For a non-blanket option to tuck a book next to, the Wooden Baby Gym | Wild Western Set with Horse & Buffalo is brilliant because it's made of natural wood and crochet rather than terrifyingly bright plastic that screams electronic songs at you until the batteries die. It’s got this little wooden buffalo and a crocheted horse hanging from it. Our girls would bat at things like this for exactly twelve minutes, which was enough time for me to drink a cup of tea while it was still technically warm. Giving a visually quiet toy alongside a classic book makes you look like the most sophisticated, thoughtful guest in the room.

And if you really want to overachieve, the Colorful Hedgehog Bamboo Baby Blanket is an option. It's a bamboo and organic cotton blend, which means it feels strangely silky, almost too nice for someone who regularly soils themselves without warning. Bamboo apparently uses way less water to grow, which I vaguely appreciate, but mostly I just like that it controls temperature so you don't wake up to a sweaty, furious infant.

Just write the bloody thing

honestly, a baby shower book is just a lovely gesture that proves you cared enough to spend fifteen quid at a local bookshop rather than picking up a generic gift card at the petrol station on the way to the party. The child is not going to read your inscription and use it to form their foundational moral compass.

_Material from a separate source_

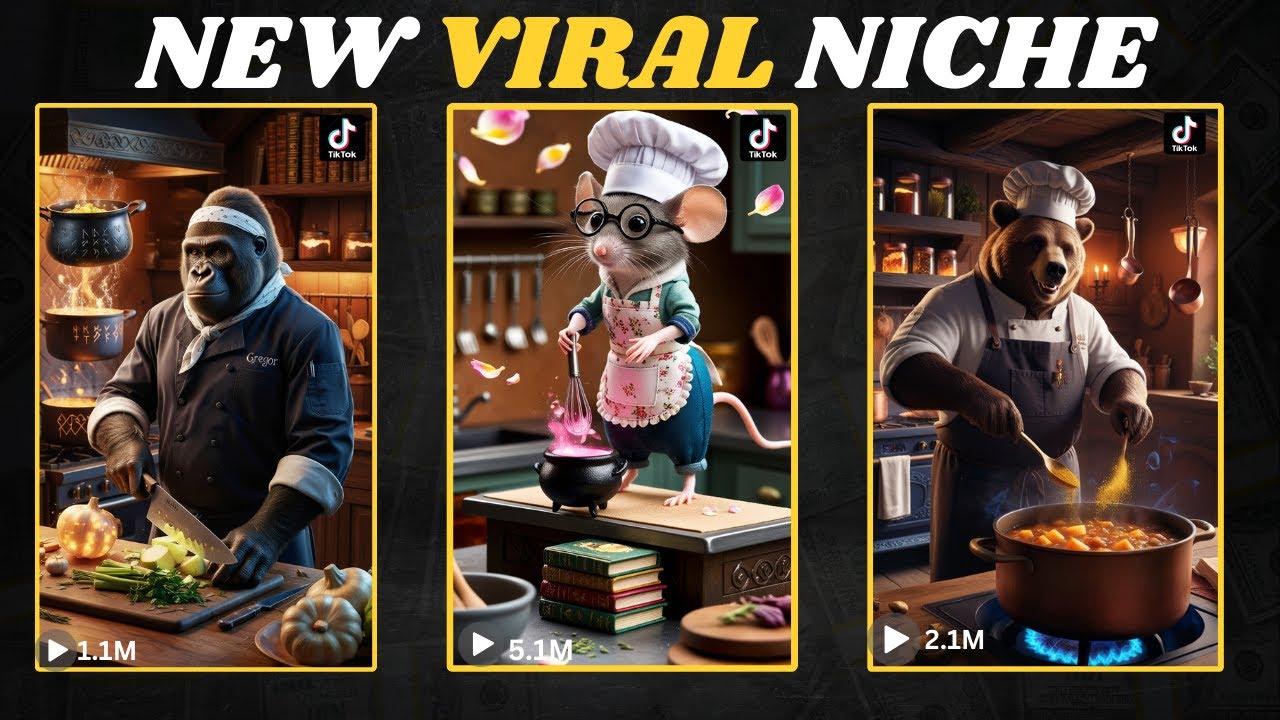 Create Stunning AI-Generated Animal Cooking Videos!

They're probably going to chew on the corner of the spine for six months, tear page four by accident when they're eighteen months old, and then demand you read the surviving pages to them six hundred times in a row when you come over to visit. Just write something honest, date it, and hand it over before the cucumber sandwiches are gone.

If you're still completely paralyzed by gift-giving, grab a beautiful, sustainably made must-have from our shop to pair with your slightly awkward message before you face the parents-to-be.

Questions I still have about this entire process

What if I absolutely hate the book the host assigned to me?
I was once asked to bring a specific book about a farm animal that I found deeply annoying to read out loud. You just have to swallow your pride, buy it, and write something generic inside. You can always buy them a book you actually like later, completely unprompted, and become the rogue book-smuggler uncle. No one checks your credentials at the door.

Do I write on the absolute first blank page or the actual title page?
I spent way too long analyzing this at a party in Hackney once. The very first blank endpaper is safer because if your pen leaks or you spell the kid's name wrong (a genuine fear if they’ve chosen something creatively spelled), you haven't defaced the actual printed title. Plus, the paper is usually thicker there. Just avoid writing over the author's face if there's a bio page.

Should I use a fountain pen to make it look fancy?
Absolutely not, unless you want your thoughtful message about the future to look like a forensic crime scene. Most children's book paper is either highly glossy or weirdly absorbent. A standard, slightly boring ballpoint pen is the only tool you should trust. I once watched a man use a sharpie on a thin paper page and it bled through three chapters of a pop-up book.

Is it weird to write a message if I don't really know the parents well?
If you're the obligatory plus-one or a distant coworker who got dragged to the shower, just keep it incredibly brief. "Wishing your family all the best on this new adventure" is perfectly fine. You don't need to invent a deep emotional bond with a baby you'll likely only ever see in pixelated photos on LinkedIn.

What if I make a massive spelling mistake in ink?
Turn the mistake into a joke. When I misspelled my own surname (blame the sleep deprivation), I just drew an arrow to it and wrote "Your uncle is very tired." It makes the book human. The kid won't care, and the parents will probably just be grateful they aren't the only ones making mistakes.